En montant dans la vallée de l'Elqui

 
14 juillet 2023 — Vallée de l'Elqui, Norte Chico, Chile

En montant dans la vallée de l'Elqui, c'est comme si nous avions changé de saison, l'été est revenu, le vent est chaud à Vicuña, village de naissance de la poète Gabriela Mistral. Dans le musée qui lui est dédié je découvre, à travers ses poèmes, son rapport très physique aux paysages de son enfance, quelque chose d'à la fois rustique et mystique. Je prends en note quelques lignes de ce qui m'apparait comme un poème adressé à la terre et un fragment adressé au ciel, ci-dessous. Bientôt nous irons dans les collines observer le ciel nocturne, et dans cette région semi-désertique du Norte Chico peut-être apercevrons-nous un pan de "cet espace peuplé de mondes, non d'étincelles" qu'a fréquenté Gabriela quand elle s'appelait encore Lucila. 

Amo una piedra de Oaxaca
o Guatemala, a que me acerco,
roja y fija comme mi cara
y cuya grieta da un aliento

Al dormirme queda desnuda;
no sé por qué yo la volteo.
Y tal vez nunca la he tenido
y es mi sepulcro lo que veo... [Cosas]

J'aime une pierre de Oaxaca
ou de Guatemala, de laquelle je m'approche
rouge et fixe comme mon visage
et dont la fissure apporte un souffle

Quand je m'endors elle reste nue ;
je ne sais pas pourquoi je la retourne.
Et peut-être que je ne l'ai jamais tenue
que c'est ma tombe que je vois

Yo le mostraría el cielo del
astrónomo, no el del teólogo ;
le haría conocer ese espacio
poblado de mundos, no poblado
de centellos ; le mostraría todos
los secretos de esas alturas. [La instrucción de la mujer]

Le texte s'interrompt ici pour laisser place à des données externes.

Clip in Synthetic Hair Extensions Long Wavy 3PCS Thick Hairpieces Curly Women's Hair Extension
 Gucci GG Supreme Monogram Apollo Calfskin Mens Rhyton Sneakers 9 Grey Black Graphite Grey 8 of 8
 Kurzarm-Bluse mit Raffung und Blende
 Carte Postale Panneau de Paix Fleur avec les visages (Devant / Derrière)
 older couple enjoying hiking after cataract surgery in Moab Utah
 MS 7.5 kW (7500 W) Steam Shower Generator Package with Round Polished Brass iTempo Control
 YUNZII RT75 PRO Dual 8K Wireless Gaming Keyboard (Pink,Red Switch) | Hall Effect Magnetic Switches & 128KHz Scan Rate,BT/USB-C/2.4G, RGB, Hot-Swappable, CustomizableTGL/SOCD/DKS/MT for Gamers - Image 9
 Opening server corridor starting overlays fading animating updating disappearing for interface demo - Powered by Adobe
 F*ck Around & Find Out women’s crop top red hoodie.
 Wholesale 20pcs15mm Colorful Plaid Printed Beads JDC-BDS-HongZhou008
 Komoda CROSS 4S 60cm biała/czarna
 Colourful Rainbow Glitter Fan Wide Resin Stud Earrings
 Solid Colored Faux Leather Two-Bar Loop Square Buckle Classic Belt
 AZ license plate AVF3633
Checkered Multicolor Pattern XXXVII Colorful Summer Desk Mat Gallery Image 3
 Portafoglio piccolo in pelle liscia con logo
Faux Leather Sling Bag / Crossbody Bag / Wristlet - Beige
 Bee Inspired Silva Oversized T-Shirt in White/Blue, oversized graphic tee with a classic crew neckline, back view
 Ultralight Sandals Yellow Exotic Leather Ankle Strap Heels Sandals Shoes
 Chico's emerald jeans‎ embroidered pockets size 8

Je vous montrerai le ciel de
l'astronome, pas celui du théologien ;
je vous ferai connaître cet espace
peuplé de mondes, non pas peuplé
de scintillements ; je vous montrerai tous
les secrets de ces altitudes.



7.31.2023

Visiter le Museo de los artes precolombiano

 
12 juillet 2023 - Santiago, Chile

Visiter le "Museo de los artes precolombiano" pour sentir, par les traces des peuples qui l'ont habité, à travers les objets rituels, artistiques et usuels qu'ils ont laissé, ce territoire long de 4000 kilomètres, coincé entre montagnes et océan, pacifique, chaîne de volcans, déserts et Cordillère. Ces objets, qui associent usages et significations, et dont l'essentiel nous échappe, sont des figures parfois mi-humaines mi-animales, où terre et mer sont représentées (entrelacées sous forme d'un crocodile et d'un serpent), où écriture est aussi dessin, est aussi tissage, un art de liaisons et d'associations d'une beauté incroyable, des chapeaux tissés à oreilles, des étoiles en pierres taillées, des sculptures de groupes de danseurs ou de chamanes assis, fumants, des femmes enceintes associées à des coupes, des pots, des vases, des personnages-objets, et, ce qui ressemble à de très petites poupées, des momies d'enfants à peine nés avec sur le visage un masque d'argile peint. Je me demande si ces couleurs et ces matières, ces formes et ces objets issus d'autres temps et d'autres relations au monde, résonnent encore d'une manière ou d'une autre dans ce pays longiligne, à la fois océanique, désertique et montagneux. J'aime à penser que nous les sentirons peut-être, ces milles formes, sur la route, dans les montagnes, à la tombée de la nuit — tout comme nous gardons en bouche le goût des baies de Maqui qu'un chilien Mapuche nous a fait gouter, sur le cerro Santa Lucia, dans l'après-midi. 



6.29.2023

Et donc, ils sont revenus


Jeudi 29 juin

Et donc, ils sont revenus, les petits poèmes flottants, ces centons écrits à partir du florilège des ( ) de jour. En les proposant pour traduction à Deniz Dagdelen ("Le Dactylo Méditerranéen") ils me sont revenus à l’esprit. Non parce que je les avais oubliés, mais parce que j'ai repris le fil de ces poèmes-trouvés (exactement comme on dirait des enfants trouvés) — poèmes agencés-recueillis, adressés à distance, depuis un ailleurs vers un ailleurs. J'ai nommé la 1ère série, écrite pendant le confinement, Lettres océanes, en clin d’œil à Cendrars : "la lettre-océan n’a pas été inventée pour faire de la poésie mais quand on voyage, quand on commerce, quand on est à bord, quand on envoie des lettres-océan, on fait de la poésie" (B. Cendrars in Feuilles de route). J'en lirai une partie au festival des poésies contemporaines "Et Dire Et Ouïssance", ce vendredi, à Brocéliande. J'en poursuis l'écriture à partir du même dispositif, de coupes et d'agencements de citations, avec ce fil d’ariane qui est une adresse par-delà le temps et l’espace. Ces petites formes sont des respirations en accompagnement de projets plus lents et plus volumineux, de projets associés à des territoires. Et puisque deux chatons juste arrivés nous forcent à garder les portes closes sur le jardin, je nous fais lecture de poésie, Benoit Casas (Combine) et Emmanuel Laugier (Chant tacite), l’un puis l’autre en fin d'après-midi.